Page:Sue - Martin l'enfant trouvé.djvu/446

Cette page a été validée par deux contributeurs.

— Grâce… ayez pitié de moi, — disais-je en pleurant à la mère Major.

— Grâce… grâce… ils n’ont que cela à vous chanter sur toutes les ritournelles ; on leur apprend de bonne heure à travailler, on leur donne un état gratis et on dirait qu’on les étripe, — s’écria la mère Major avec une indignation courroucée ; puis, s’adressant à moi :

— Ah ça, est-ce que tu crois qu’on va te loger, te nourrir et t’habiller pour l’amour de Dieu ? Faut que tu gagnes ta vie… et tu la gagneras, tonnerre de Dieu ! tu la gagneras, t’es bien bâti, t’es jeune, t’es mince ; tu cramperas comme un autre, et mieux qu’un autre ; avant deux mois d’ici, moi je te réponds que tu feras la promenade turque et le saut du lapin comme un bijou, sans compter que tu marcheras sur les mains la tête en bas et les pieds en l’air, comme si tu t’étais toujours promené ainsi la canne à la main depuis ta naissance…
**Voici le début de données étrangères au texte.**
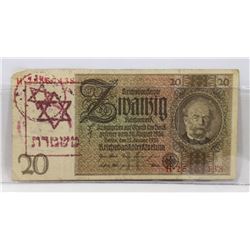 GERMAN WWII 20 MARKS STAMPED JUDE BANKNOTE.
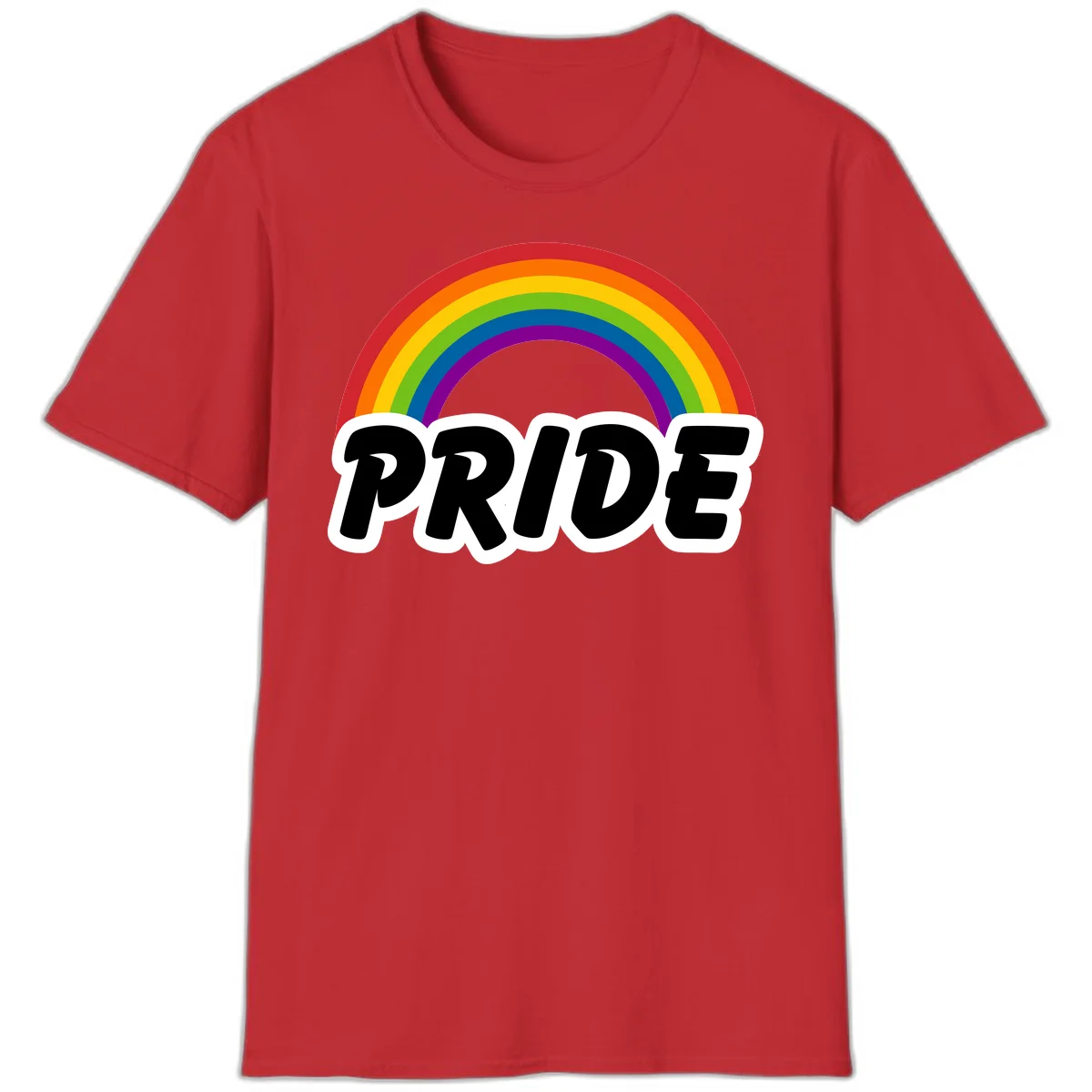 Colorful rainbow arc above bold black 'PRIDE' text with white outline on gray background in Red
— Ce qui économisera ta chaussure, vu que tu ne portes pas de gants, petit Martin, — ajouta sentencieusement la Levrasse.

Je ne comprenais pas ce que l’on voulait faire de moi. Il me parut seulement que l’on ne me tuerait pas, puisque l’on parlait de certains exercices auxquels je devais me livrer dans deux mois. Je me rassurai un peu : d’ailleurs la mère Major, malgré sa grosse voix, sa moustache, sa carrure énorme, sa brusquerie et son martinet, m’inspirait peut-être encore moins d’effroi que le saltimbanque, et heureusement c’était elle qui devait se charger de mon éducation.